O senador Pedro Simon (RS), presidente do PMDB no Rio Grande do Sul, admitiu que seu partido olha para a sucessão presidencial de 2010 com “visão negocial”. A admissão significa reconhecer que o partido também olha as eleições estaduais, que ocorrerão paralelamente no próximo ano, também estão no balcão de negócios. O PMDB oscila entre o apoio a Dilma Rousseff (PT) ou a adesão a José Serra (PSDB). Ou seja, uma parcela do PMDB irá “se vender” para o PT e a outra para o PSDB. Em qualquer circunstância, este partido “negocista”, conforme o senador Pedro Simon, estará participando do próximo governo. E não só em Brasília. Pedro Simon diz que o PMDB ficará com quem “pagar mais”.
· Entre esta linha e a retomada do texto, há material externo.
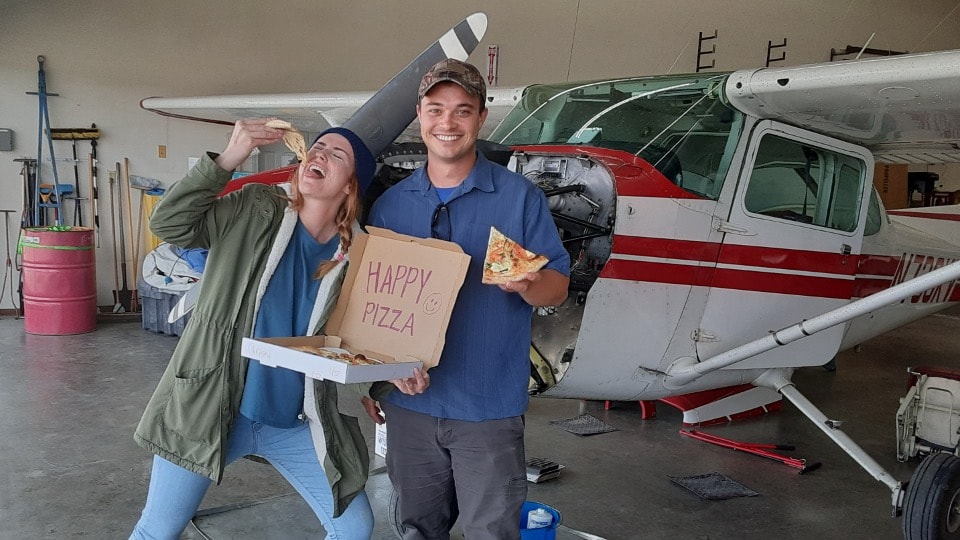 Students celebrating with pizza in front of ProFlite aircraft in hangar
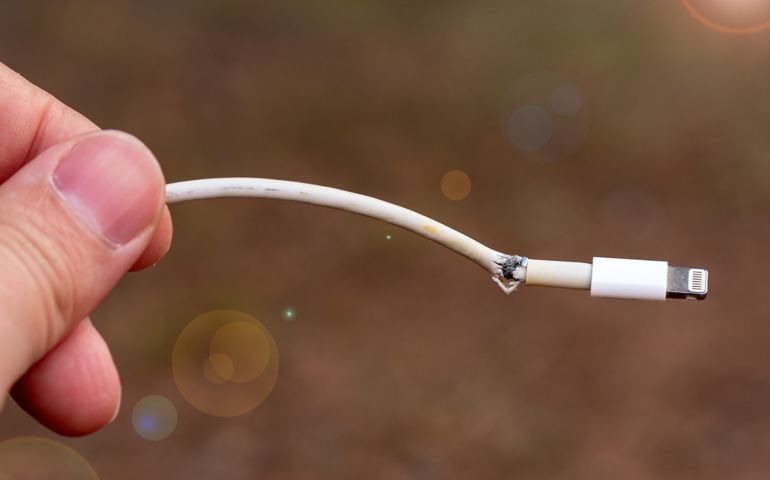 Close-up of broken smartphone's charger cable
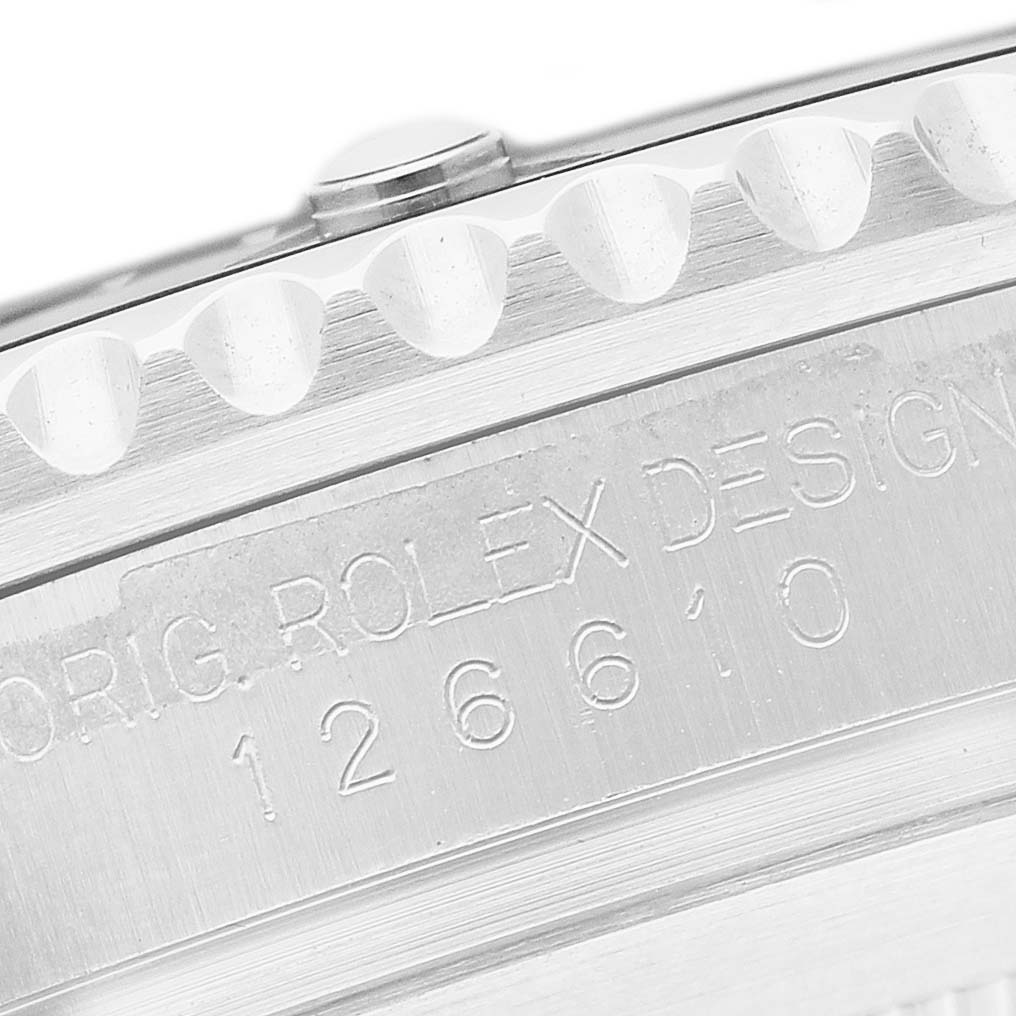 The image shows a close-up of the side of the Rolex Submariner 126610LN Men's Stainless Steel Black Dial, highlighting the engraved model number and bezel edge.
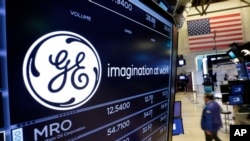 The General Electric logo appears above a trading post on the floor of the New York Stock Exchange, June 12, 2017. GE said Jeff Immelt is stepping down as CEO and John Flannery will take over the post in August. 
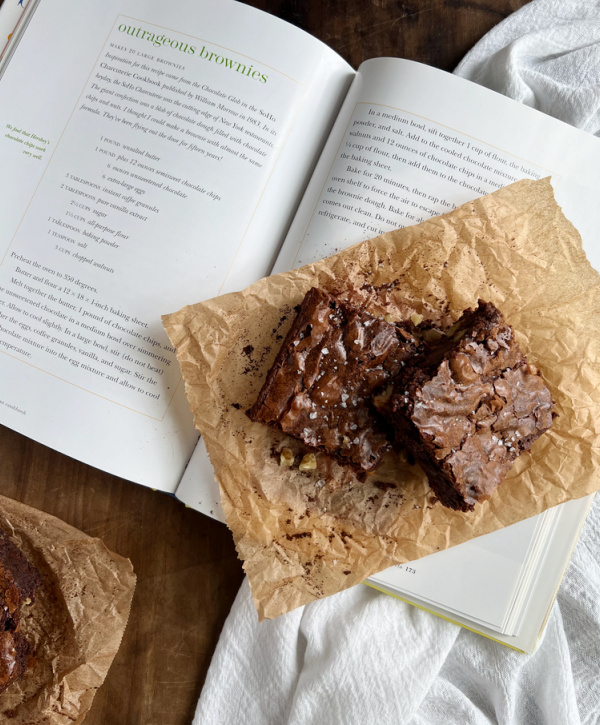 Weekend Meanderings two brownies on a brown piece of parchment sitting on an open cookbook with the recipe for outrageous brownies.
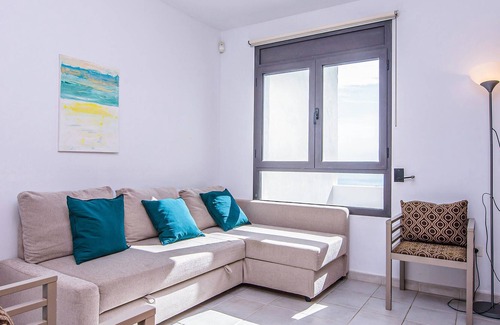 Playa Macenas Apartment | Comfortable apartment with shared pool and sea view.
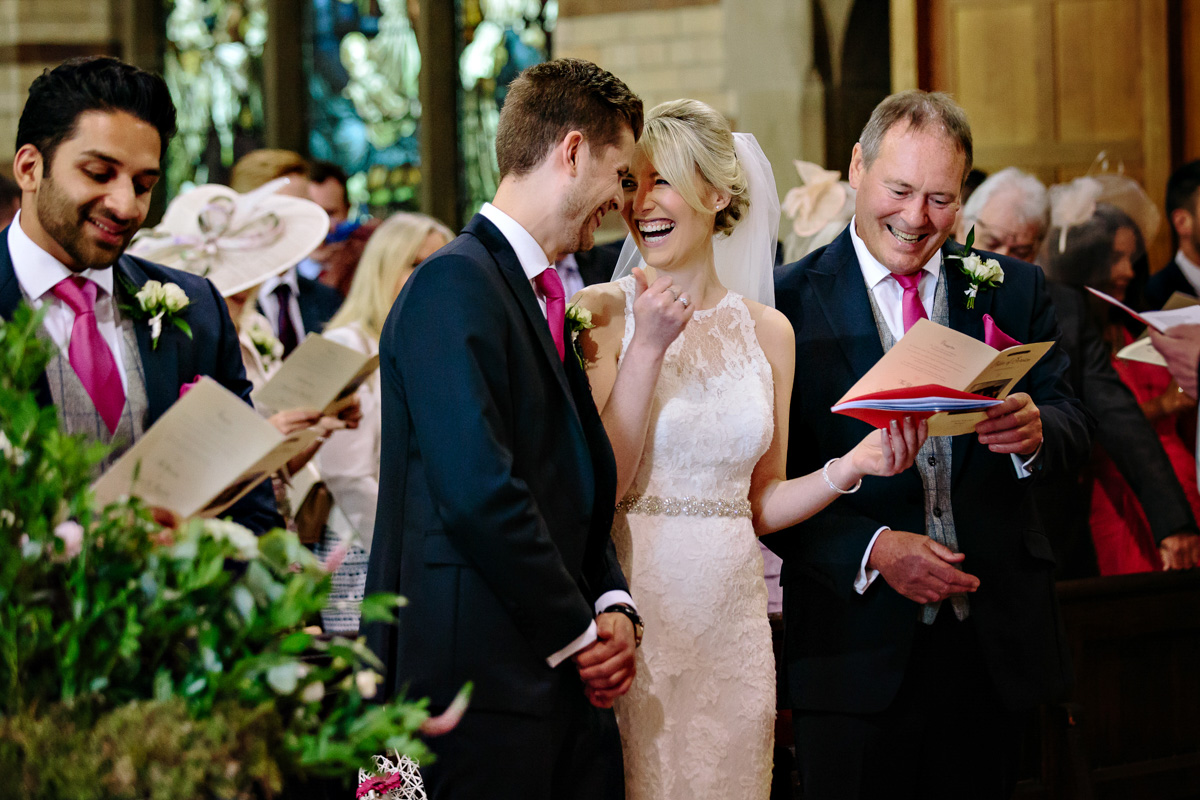 Bride laughing and sharing a moment with the groom in the church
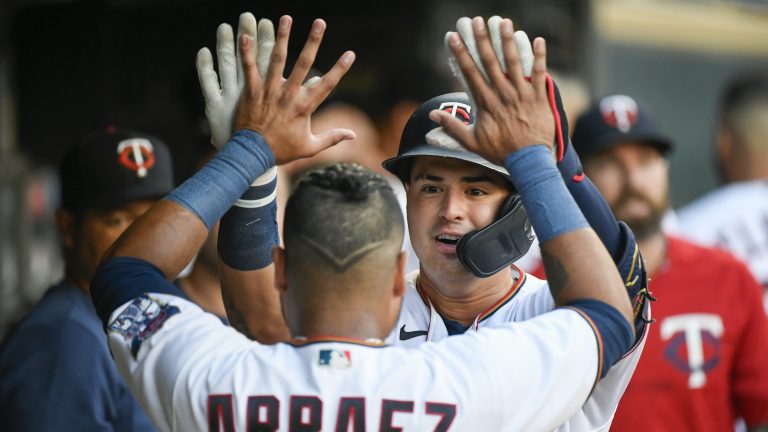 Minnesota Twins' Jose Miranda, right, celebrates with Luis Arraez after hitting a home run against the Texas Rangers during the first inning of a baseball game Friday, Aug. 19, 2022, in Minneapolis. (AP Photo/Craig Lassig)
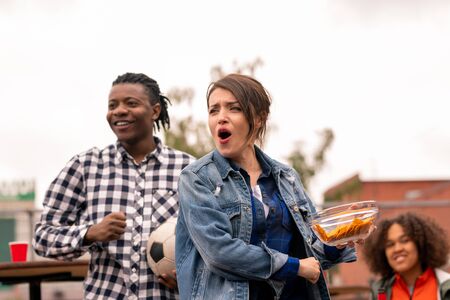 Young excited friends or dates with snack cheering for their football team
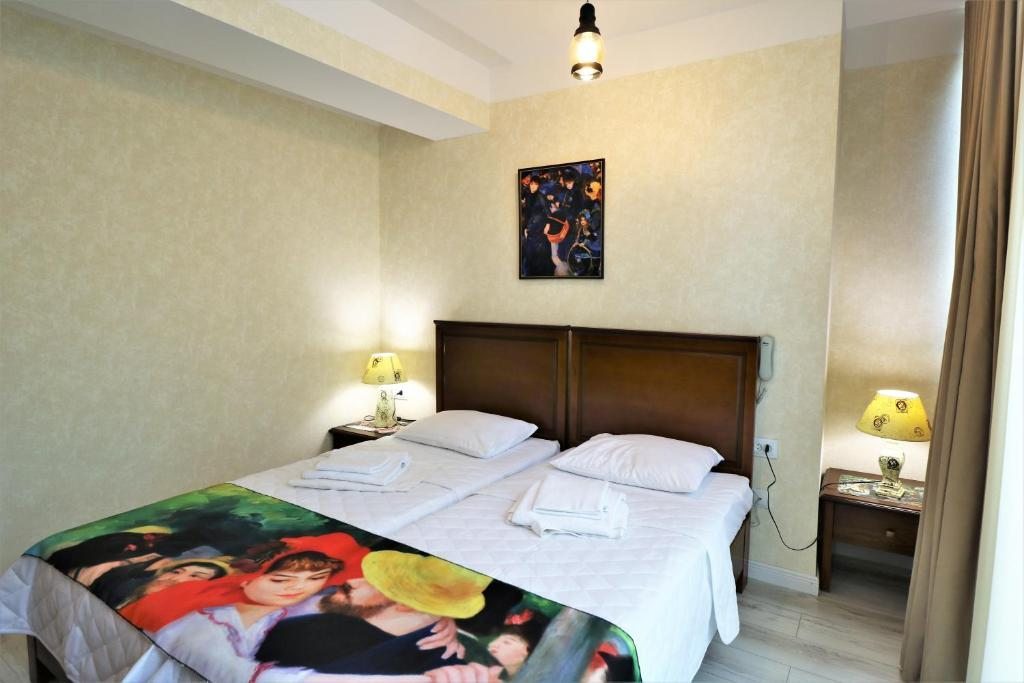 Двухместный (Небольшой двухместный номер с 2 отдельными кроватями) отеля Hotel Liberty Theatre, Тбилиси
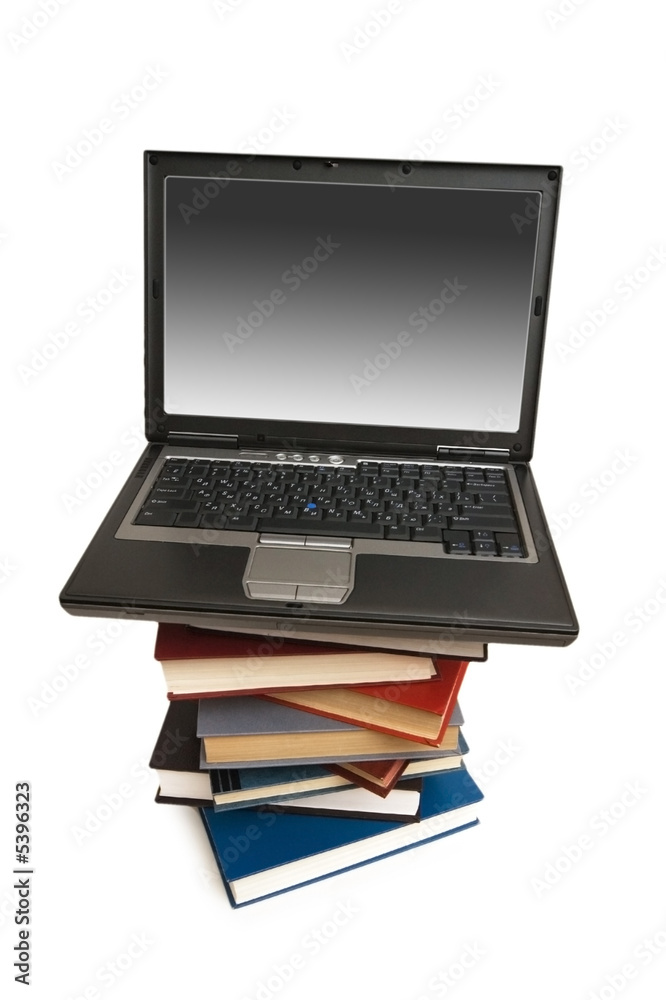 Concept illustrating evolution from books to computers Concept illustrating evolution from books to computers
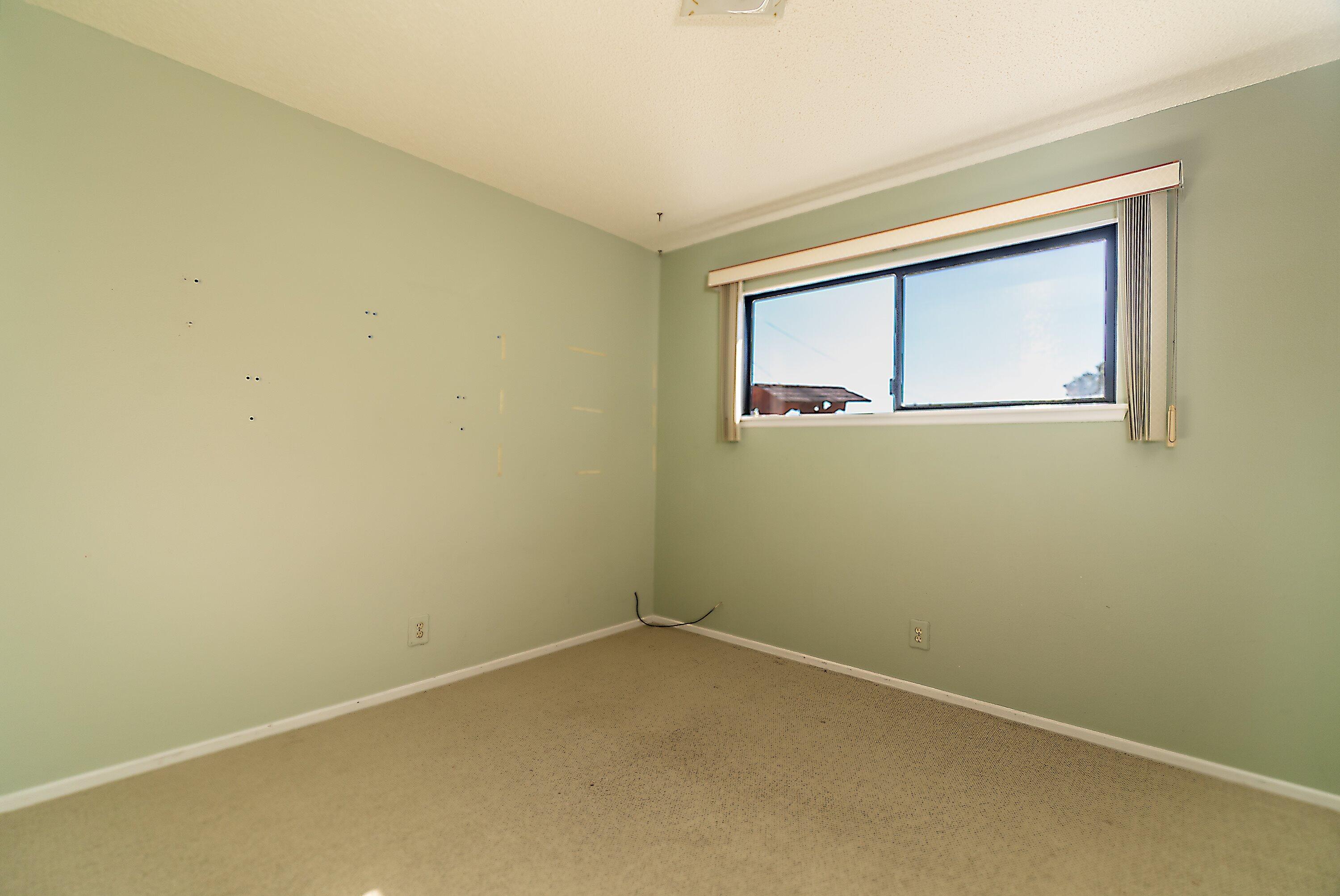 4076 Constellation Road Lompoc, CA 93436 - Photo 11 of 21 an empty room with a window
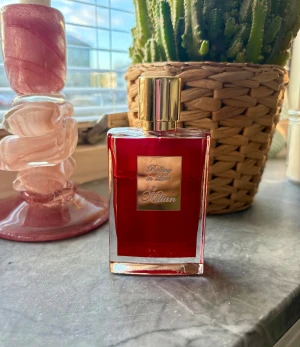 Kilian Rolling in Love parfym - Snygg och lyxig parfym från Kilian med röd flaska och gulddetaljer. Perfekt för dig som vill sticka ut och addera en exklusiv touch till din stil. Namnet 'Rolling in Love' syns tydligt på flaskan. 50 ml men använd, se andra bilden för hur mycket som är kvar 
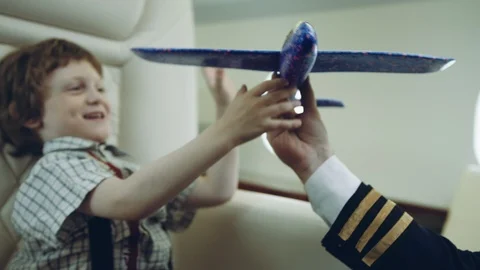 Pilot carries boy playing with blue plane toy, imagination dreaming of being a Stock Footage 111064717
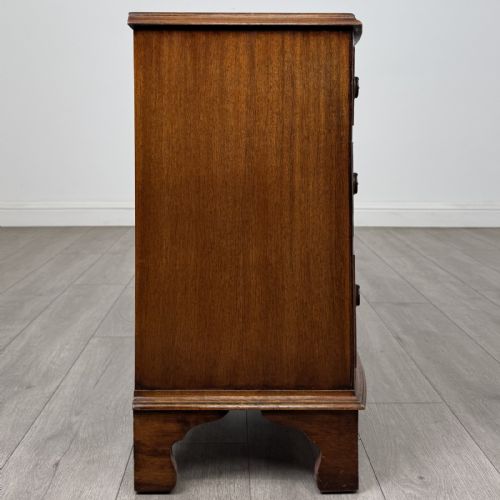 fig 6. A small antique mahogany bow front chest featuring three drawers with brass ring drop handles resting on bracket feet.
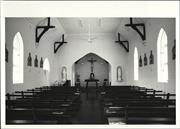 Interior elevation facing the altar and cross with pews in the foreground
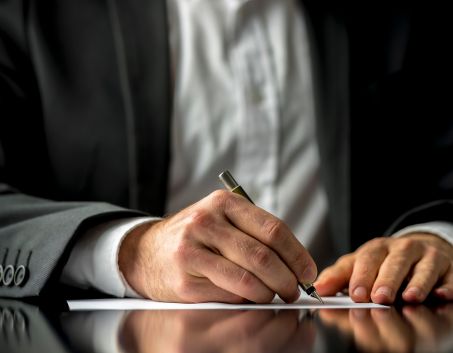A person writing down his assets in a piece of paper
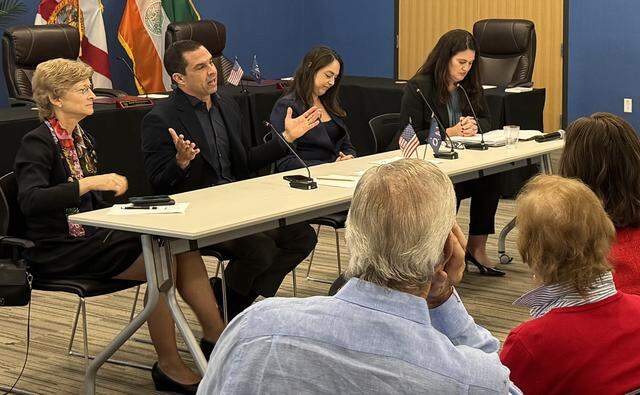 (From left to right) Coral Gables Vice Mayor Rhonda Anderson, Coral Gables Mayor Vince Lago, Miami-Dade County Commissioner Natalie Milian Orbis and Coral Gables City Attorney Cristina Suarez speak during a town hall on Monday, March 9, 2026, in the city’s public safety building about the ballot questions in the upcoming city vote-by-mail election.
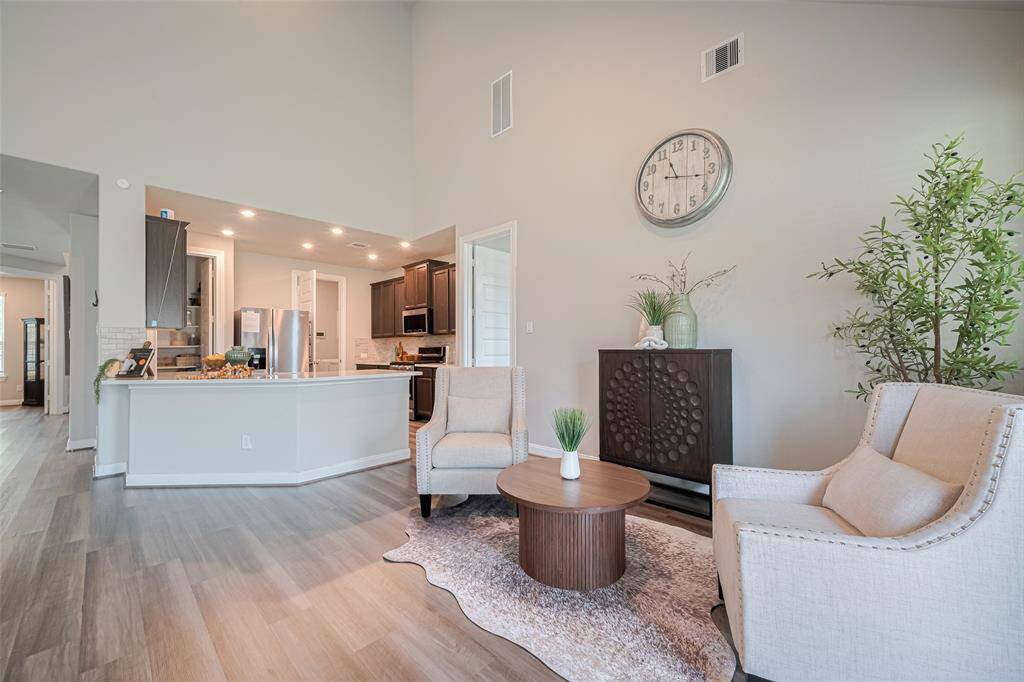 This photo showcases a bright, open-plan living space with high ceilings, featuring a modern kitchen with dark cabinets and stainless steel appliances and kitchen island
É aí que ele erra. Se se refere à eleição presidencial, o PMDB não vai ficar integralmente com apenas uma candidatura, vai se dividir oportunísticamente. “O PMDB está se oferecendo para ver quem paga mais e quem ganha mais”, disse Pedro Simon. As declarações de Pedro Simon chegam atrasadas em relação à entrevista do senador pernambucano Jarbas Vasconcelos (PE) para a revista Veja, na qual ele disse que “boa parte do PMDB quer mesmo é corrupção”. Pedro Simon criticou a entrevista de Jarbas Vasconcelos, com a inacreditável frase: “todos praticam corrupção”.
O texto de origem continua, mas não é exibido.